Forbes
Sunday, January 10th, 2010
Texas Congressman Dr. Ron Paul wants to see if the valuations of the Federal Reserve’s transactions were fair.
Steve Forbes: What precisely will your bill on auditing the Fed do and not do? Let’s just clear that up.
Paul: As a matter of fact, it’s a pretty weak bill when you think about it.
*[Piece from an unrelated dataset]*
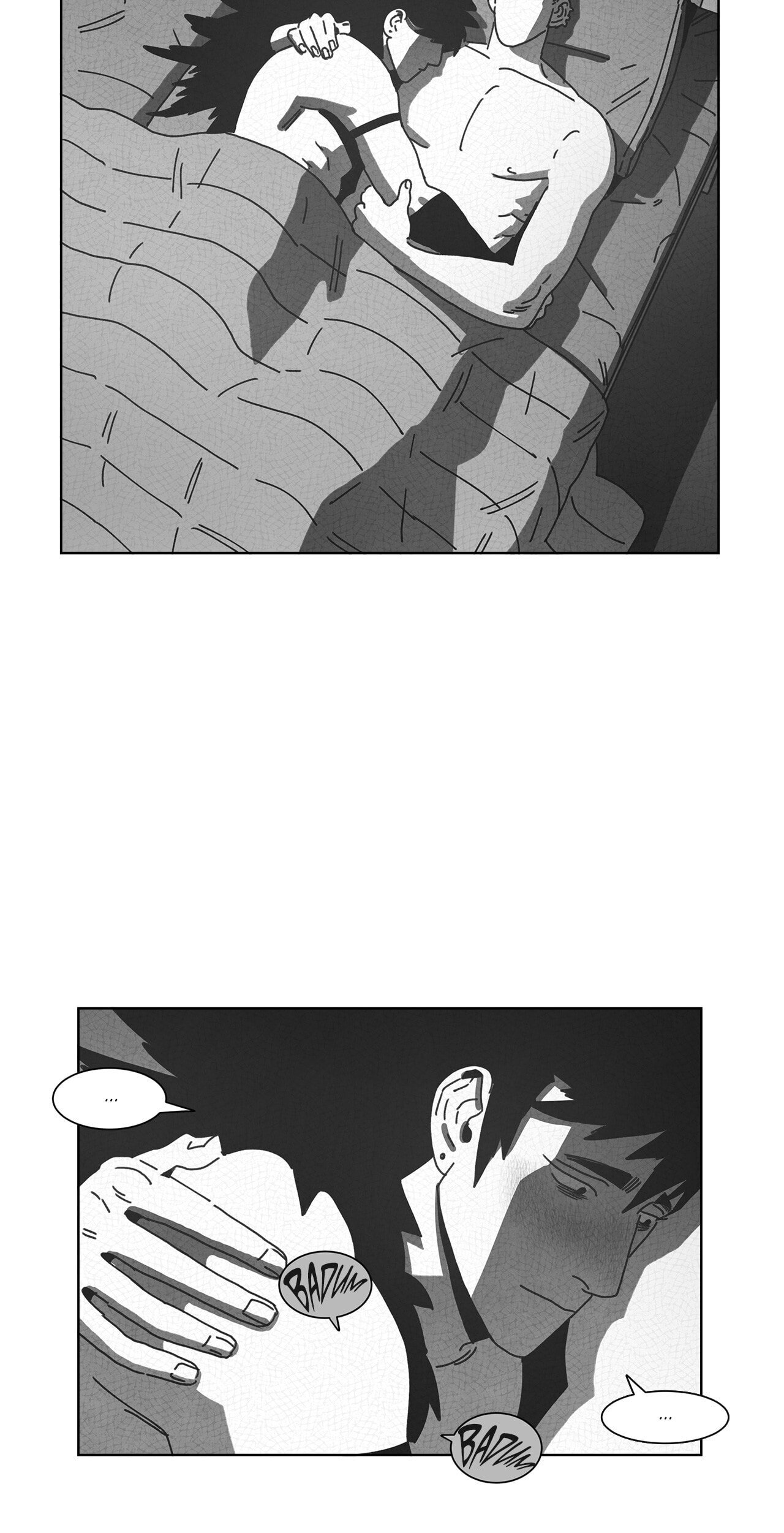 Read Dark Heaven chapter 42 image 46 on Lezhin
Forbes: It seems pretty mild.
Paul: But from their viewpoint it is horrendous because we know what
they’ve been doing. You know? And they don’t want us to
know what they’ve been doing. The big argument has always been
they don’t want transparency because they’ll lose their
independence. And independence means secrecy. If they lose their
secrecy then the people and the Congress won’t know what
they’ve been doing. Who gets bailed out at what price? … I
put an explicit statement in there that we have no intention of
monitoring monetary policy even though I have different views. But, you
know, when you think of it, Bernie Sanders was a cosponsor in the
Senate. He and I don’t see eye to eye on the market. But we see
eye to eye on transparency. So we wouldn’t agree on monetary
policy, but we agreed on this bill. But in order to clarify that
Bernanke would say, “Well what we don’t need is Congress
coming in the day after we have a FOMC meeting and finding out who said
what and why because everybody would be hesitant.” And one of the
arguments is, “If Congress had anything to do with this,
they’d keep interest rates too low too long.”